Workers at a nuclear plant in Indian were tested last week for radiation poisoning after a water cooler at the plant was sabotaged with tritium.

Here the strange, but true, details as reported by Bloomberg:

Radioactive material found in drinking water at an Indian nuclear facility was not stolen and the site is secure, the chief of the monopoly atomic energy producer said.

“There is no question of theft” of radioactive material, Shreyans Kumar Jain, chairman of the Nuclear Power Corp. of India Ltd., told reporters in Mumbai today. A person inside the company most likely obtained the material from samples of heavy water that inspectors regularly take at the facility, he said.

Workers at the Kaiga nuclear plant in the southern state of Karnataka were tested last week after tritium, a radioactive form of hydrogen, contaminated a water cooler. Two of 50 people who drank the water were being monitored by doctors for low levels of radiation and are expected to recover, while the remaining were confirmed normal, Jain said.

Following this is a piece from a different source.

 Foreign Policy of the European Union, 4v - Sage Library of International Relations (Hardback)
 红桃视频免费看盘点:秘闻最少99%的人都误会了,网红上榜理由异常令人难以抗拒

“If the exposure is within or close to the limit, it’s true that it will be flushed out in two to four days and it won’t have any long-term effects,” Prabhat Munshi, a professor at the Indian Institute of Technology in Kanpur, said by telephone today. “A serious injury can occur only if the exposure is several times above the limit.”

India’s top intelligence agencies are investigating the incident, including motives such as grievances or mischief, Jain said. Security is being increased across state-owned Nuclear Power’s facilities, he said.

The water cooler, which was located outside the reactor building, has been isolated and shut down.